Сын командира молча, со строгим лицом, развернул знамя. Было безветренно, и он расправил сине-алое полотнище с золотыми пчелами по центру и черно-белой волчьей головой в крыже, наше, тамбовское. Оно у нас было уже давно, сшили в Котовске и тайком передали нам. Конечно, ни в какой бой мы ни разу под ним не ходили, смешно было бы. Но сейчас, наверное, выпало исключение.
– Равняйсь! – прозвучал голос Михаила Тимофеевича. – Смирно! Равнение на – знамя!
И он с суровым лицом накинул капюшон и взметнул к нему ладонь.
* * *
Чтобы сломить сопротивление оборонявшего центр Тамбова штатовского батальона «Янычар-7», понадобилось привлечь не только два усиленных бронетехникой и штурмовыми вертолетами «номерных» полка РНВ, как предполагалось вначале. В бой бросили 4-й Сибирский казачий полк и, наконец – спешно переброшенный на грузовиках из-под Липецка 2-й Алексеевский именной полк.
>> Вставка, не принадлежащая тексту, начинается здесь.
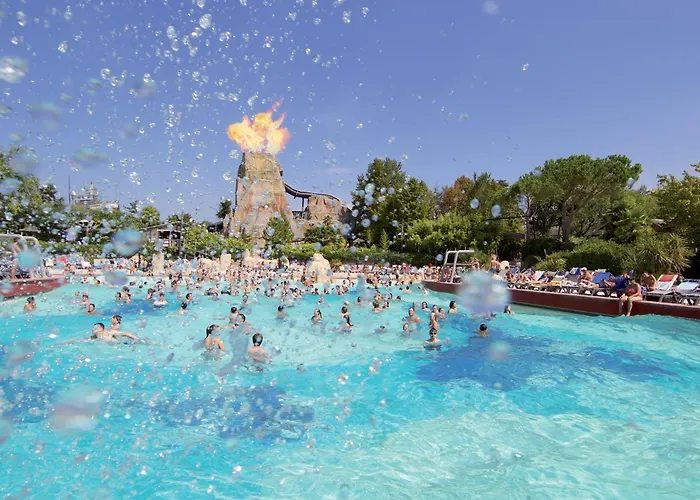 San Zeno 3, ,wi-fi, Park Apartment *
Только к концу пятого дня бои закончились. Это было крайне необычно для янки – достаточно храбрые в наступлении, они не обладали стойкостью и быстро «ломались», если становилось ясно, что удача отвернулась. Из личного состава «Янычара-7» в плен попали одиннадцать человек, все – с тяжелыми ранениями, без сознания. Не меньше пятисот оккупантов, ожесточенно сопротивлявшихся и после того, как их разрезали на группки и даже раздробили на одиночек, были убиты. Бойцам РНВ и казакам эти пять дней обошлись в почти восемьсот убитых, восемь сбитых ракетами и огнем стрелкового оружия вертолетов и кучу сожженной бронетехники. Пожалуй, с самого начала войны противник ни разу не был так упорен в обороне.
Полковник Гладышев, сняв жаркую «сферу» и с наслаждением дыша морозным воздухом – наконец-то в городе тоже лег снег, засыпая непотребные грязь и гарь, – пробирался по руинам, недавно еще бывшим последней вражеской линией обороны. Снег валил и на трупы; тут и там бойцы выносили и складывали своих убитых, перекуривали, кто-то уже кипятил воду для чая на костерках и плитках сухого горючего. Люди перекликались, переругивались, слышался даже смех.